* _What is needed_
Your task is to gather the lines below that hold the string "Villa".

(Data records)
++++

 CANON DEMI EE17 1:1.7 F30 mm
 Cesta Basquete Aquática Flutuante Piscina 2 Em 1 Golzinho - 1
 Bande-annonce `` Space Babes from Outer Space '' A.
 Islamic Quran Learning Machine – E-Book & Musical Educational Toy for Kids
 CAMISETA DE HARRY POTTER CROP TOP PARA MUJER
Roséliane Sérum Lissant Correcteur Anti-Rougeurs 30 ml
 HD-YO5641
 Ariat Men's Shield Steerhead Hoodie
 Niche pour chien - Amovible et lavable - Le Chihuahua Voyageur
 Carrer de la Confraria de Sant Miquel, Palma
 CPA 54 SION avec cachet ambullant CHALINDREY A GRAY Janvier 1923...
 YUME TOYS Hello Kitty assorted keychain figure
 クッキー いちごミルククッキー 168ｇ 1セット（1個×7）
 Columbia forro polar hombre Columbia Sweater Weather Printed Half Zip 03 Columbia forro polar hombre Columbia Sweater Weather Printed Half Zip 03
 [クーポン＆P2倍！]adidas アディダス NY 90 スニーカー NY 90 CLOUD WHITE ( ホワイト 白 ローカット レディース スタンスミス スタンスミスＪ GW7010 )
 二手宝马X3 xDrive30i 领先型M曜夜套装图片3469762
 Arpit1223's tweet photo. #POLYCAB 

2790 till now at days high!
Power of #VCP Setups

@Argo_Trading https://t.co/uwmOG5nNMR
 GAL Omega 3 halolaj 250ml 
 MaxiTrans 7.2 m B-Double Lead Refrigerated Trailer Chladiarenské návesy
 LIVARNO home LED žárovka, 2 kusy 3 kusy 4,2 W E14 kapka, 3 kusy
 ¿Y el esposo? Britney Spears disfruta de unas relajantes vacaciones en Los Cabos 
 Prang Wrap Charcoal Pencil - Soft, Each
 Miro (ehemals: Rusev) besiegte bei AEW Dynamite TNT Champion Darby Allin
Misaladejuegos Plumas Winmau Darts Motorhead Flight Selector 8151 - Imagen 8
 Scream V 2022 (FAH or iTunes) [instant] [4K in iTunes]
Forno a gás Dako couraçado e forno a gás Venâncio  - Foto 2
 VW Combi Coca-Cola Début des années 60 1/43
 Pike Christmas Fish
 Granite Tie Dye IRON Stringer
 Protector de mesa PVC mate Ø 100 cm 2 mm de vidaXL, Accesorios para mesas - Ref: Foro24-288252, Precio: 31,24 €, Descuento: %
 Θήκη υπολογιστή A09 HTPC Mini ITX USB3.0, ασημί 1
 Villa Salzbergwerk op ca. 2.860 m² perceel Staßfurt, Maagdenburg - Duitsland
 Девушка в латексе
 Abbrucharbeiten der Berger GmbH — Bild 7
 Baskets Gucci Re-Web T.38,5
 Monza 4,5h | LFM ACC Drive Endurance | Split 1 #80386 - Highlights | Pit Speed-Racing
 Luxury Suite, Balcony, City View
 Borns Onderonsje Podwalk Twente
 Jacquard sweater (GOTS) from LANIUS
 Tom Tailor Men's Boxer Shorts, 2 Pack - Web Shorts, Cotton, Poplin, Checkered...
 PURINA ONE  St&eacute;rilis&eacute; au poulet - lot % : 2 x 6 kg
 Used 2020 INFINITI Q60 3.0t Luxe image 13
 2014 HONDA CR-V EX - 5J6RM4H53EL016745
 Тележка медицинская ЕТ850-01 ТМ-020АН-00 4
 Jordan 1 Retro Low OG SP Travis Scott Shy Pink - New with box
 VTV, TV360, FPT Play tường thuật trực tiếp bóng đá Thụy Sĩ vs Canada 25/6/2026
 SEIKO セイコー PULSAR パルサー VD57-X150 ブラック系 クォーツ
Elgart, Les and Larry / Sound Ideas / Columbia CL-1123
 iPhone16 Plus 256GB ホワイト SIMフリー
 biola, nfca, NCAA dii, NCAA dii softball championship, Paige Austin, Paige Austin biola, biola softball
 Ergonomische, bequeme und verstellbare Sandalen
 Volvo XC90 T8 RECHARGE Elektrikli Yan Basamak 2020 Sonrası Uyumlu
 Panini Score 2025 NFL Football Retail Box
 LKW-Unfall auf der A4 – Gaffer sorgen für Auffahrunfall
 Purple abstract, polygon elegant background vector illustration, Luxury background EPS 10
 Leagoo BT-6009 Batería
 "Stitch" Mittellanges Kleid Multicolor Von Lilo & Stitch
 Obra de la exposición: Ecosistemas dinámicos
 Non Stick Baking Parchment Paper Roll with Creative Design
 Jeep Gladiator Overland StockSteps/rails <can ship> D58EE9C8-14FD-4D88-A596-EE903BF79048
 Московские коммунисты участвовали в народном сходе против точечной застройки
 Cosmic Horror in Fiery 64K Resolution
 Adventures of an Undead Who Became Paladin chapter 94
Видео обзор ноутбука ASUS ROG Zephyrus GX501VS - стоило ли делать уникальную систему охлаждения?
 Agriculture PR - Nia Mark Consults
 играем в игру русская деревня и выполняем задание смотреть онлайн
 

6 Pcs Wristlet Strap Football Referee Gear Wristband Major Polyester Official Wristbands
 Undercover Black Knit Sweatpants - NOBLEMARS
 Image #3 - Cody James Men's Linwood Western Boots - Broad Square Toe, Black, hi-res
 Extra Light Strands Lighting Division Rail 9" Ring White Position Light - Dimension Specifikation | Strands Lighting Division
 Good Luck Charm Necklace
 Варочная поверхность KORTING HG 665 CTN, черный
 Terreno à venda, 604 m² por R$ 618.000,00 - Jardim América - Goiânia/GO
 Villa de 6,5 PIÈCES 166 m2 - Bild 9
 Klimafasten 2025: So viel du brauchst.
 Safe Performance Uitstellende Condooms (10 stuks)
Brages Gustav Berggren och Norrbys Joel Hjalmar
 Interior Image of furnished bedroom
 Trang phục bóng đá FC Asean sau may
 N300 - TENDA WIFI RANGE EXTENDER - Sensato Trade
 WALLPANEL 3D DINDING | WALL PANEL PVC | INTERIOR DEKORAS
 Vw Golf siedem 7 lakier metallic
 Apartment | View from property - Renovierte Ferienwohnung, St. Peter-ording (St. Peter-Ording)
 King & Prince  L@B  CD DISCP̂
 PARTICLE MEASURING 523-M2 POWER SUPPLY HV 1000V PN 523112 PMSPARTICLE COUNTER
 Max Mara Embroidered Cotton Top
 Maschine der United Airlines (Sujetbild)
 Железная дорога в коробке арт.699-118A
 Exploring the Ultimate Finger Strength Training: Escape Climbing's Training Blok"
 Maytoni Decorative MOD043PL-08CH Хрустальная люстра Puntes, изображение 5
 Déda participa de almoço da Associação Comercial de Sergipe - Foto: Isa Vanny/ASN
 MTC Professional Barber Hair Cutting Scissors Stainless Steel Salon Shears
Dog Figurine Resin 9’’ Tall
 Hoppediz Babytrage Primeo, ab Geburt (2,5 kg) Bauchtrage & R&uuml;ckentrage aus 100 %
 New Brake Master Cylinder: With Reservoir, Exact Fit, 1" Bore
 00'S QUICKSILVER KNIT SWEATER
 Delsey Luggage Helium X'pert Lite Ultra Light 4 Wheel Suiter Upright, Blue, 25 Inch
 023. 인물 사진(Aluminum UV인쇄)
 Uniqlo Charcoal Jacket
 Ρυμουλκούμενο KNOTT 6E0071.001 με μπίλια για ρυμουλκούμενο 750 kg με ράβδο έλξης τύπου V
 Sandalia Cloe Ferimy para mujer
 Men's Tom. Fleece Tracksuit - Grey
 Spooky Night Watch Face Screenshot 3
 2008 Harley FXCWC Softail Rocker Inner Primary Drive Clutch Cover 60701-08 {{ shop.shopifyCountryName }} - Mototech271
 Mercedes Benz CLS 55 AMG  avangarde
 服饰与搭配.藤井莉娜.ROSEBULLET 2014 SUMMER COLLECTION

++++

* _Your solution_
 Villa Salzbergwerk op ca. 2.860 m² perceel Staßfurt, Maagdenburg - Duitsland
 Villa de 6,5 PIÈCES 166 m2 - Bild 9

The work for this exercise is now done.